ALSA is only administered to NAAL participants with very low performance on the core screening questions. It takes an average of 25 minutes to complete and is administered orally in either English or Spanish; respondents may answer in either language. Unlike the main NAAL block design, in which a respondent only takes 3 of the overall 13 blocks, ALSA questions are standardized (every respondent takes all of the questions in the same order).

ALSA Tasks and Stimulus Materials

ALSA is comprised of 79 questions that assess least-literate adults’ background knowledge, basic reading skills, and, to a lesser degree, higher-level text search and inferential literacy skills.

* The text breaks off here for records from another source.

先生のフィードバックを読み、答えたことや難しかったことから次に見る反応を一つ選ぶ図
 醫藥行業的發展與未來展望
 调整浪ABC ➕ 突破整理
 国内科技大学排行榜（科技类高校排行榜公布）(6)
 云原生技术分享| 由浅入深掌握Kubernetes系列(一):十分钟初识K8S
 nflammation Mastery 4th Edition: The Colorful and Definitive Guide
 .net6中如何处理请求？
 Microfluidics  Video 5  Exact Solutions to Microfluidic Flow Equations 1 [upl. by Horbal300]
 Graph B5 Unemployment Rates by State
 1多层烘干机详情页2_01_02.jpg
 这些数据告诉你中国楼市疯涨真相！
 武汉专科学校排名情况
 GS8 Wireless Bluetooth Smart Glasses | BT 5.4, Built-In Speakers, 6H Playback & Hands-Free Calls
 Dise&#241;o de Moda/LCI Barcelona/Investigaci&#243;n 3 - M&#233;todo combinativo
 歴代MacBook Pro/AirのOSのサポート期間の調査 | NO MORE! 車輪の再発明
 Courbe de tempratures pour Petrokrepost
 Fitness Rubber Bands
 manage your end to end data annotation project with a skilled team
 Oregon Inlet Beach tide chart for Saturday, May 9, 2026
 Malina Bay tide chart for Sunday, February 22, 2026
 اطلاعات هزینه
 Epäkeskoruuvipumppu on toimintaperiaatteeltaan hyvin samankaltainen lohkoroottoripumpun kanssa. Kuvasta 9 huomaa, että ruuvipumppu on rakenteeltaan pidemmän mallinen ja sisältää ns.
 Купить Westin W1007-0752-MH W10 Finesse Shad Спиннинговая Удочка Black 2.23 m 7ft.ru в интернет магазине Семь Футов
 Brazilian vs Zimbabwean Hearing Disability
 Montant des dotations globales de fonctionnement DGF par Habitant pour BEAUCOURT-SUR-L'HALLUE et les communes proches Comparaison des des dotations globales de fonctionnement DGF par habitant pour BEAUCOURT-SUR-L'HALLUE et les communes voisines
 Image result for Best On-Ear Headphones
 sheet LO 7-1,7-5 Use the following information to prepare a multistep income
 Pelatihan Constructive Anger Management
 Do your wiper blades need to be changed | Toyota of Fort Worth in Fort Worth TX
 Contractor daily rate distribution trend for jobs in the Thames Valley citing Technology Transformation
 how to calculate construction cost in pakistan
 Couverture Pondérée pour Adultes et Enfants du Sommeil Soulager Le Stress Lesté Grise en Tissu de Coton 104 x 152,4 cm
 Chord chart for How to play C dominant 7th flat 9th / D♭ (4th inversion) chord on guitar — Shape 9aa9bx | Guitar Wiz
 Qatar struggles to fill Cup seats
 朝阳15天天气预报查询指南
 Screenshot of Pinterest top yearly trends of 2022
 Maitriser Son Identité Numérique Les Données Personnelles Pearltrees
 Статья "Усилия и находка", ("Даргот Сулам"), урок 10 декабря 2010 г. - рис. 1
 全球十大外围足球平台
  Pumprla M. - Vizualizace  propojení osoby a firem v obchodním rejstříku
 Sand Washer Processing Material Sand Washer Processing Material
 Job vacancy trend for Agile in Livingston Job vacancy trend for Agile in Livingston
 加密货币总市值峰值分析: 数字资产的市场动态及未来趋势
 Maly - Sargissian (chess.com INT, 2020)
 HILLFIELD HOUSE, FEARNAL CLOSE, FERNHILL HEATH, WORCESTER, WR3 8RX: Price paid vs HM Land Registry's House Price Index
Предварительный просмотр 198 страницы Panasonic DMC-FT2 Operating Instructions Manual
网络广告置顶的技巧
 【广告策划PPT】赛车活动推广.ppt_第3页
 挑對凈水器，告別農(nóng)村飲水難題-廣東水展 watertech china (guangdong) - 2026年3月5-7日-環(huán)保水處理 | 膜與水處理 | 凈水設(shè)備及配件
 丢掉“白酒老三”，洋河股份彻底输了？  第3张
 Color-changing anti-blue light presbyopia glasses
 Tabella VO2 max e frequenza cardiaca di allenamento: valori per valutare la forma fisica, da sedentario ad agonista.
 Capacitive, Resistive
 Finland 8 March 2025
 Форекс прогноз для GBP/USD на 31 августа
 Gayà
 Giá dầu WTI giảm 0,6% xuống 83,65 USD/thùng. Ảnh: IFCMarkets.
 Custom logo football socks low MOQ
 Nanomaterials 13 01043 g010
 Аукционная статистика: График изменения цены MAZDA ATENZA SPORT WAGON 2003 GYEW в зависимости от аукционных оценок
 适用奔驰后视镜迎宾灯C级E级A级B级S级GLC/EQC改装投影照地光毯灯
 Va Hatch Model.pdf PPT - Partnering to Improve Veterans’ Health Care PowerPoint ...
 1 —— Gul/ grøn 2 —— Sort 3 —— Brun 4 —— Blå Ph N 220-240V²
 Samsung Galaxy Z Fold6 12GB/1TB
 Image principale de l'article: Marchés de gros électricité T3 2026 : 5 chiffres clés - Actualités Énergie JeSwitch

Most ALSA participants cannot read connected text, which means they cannot read the question itself. Therefore, ALSA questions are composed of easier tasks and hands-on stimulus materials that are designed to facilitate the measurement of low-level literacy skills. Since least-literate adults tend to rely heavily upon context for comprehension, ALSA tasks are familiar and their corresponding stimulus materials are tangible, 3-D objects such as food boxes and drug labels. The questions progress in difficulty from minimal text and simple labels or signs, to connected, less familiar text and more complex documents.

Level 1
Labels/simple signs
Level 2
Flyers/pamphlets/bills
Level 3
More complex documents
Beverage bottle
Cake mix box
Aspirin bottle
Magazine ad insert
Sale flyer
Water bill
Bus schedule
U.S. atlas

SOURCE: U.S. Department of Education, National Center for Education Statistics.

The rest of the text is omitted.